Allem Neuen gegenüber aufgeschlossen, erweiterte Konrad Griesel 1915 sein Geschäft um ein kleines aber feines Café. Die Cafestube unmittelbar hinter dem Ladenlokal hatte eine auffallend niedrige Geschoßdecke und wurde sehr schnell unter dem Namen Café „Duck Dich“ bekannt. Der ganze Stolz des Bäckermeisters war der dort servierte Baumkuchen mit Krone.

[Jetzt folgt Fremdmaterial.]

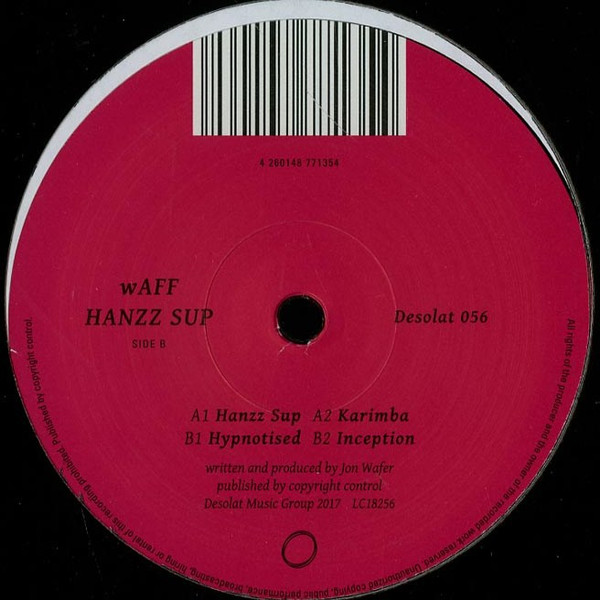 NjctMjMxNy5qcGVn-2.jpeg WAFF - HANZZ SUP - 12 Inch vinyl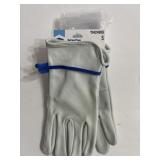 Ball & Tape leather gloves size small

Die Geschäfte liefen gut und deshalb ersetzte Konrad Griesel 1925 Fahrrad, Stoßkarren und Hundewagen durch einen modernen Lieferwagen der Marke „Stoewer Modell D“ aus Stettin, um seinen gewachsenen Kundenkreis schneller beliefern zu können.
1928 eröffnete Café Griesel ein ca. 100 qm großes Gartenlokal entlang der Ringhofstraße. Allerdings dauerte die Freude am Kaffee im Freien nur kurze Zeit, als nämlich 1935 die Spinnfaser AG ihre Zellstoffproduktion aufnahm, lag das Café Griesel genau in der Windrichtung der stinkigen, schwefelwasserstoffhaltigen Abgase.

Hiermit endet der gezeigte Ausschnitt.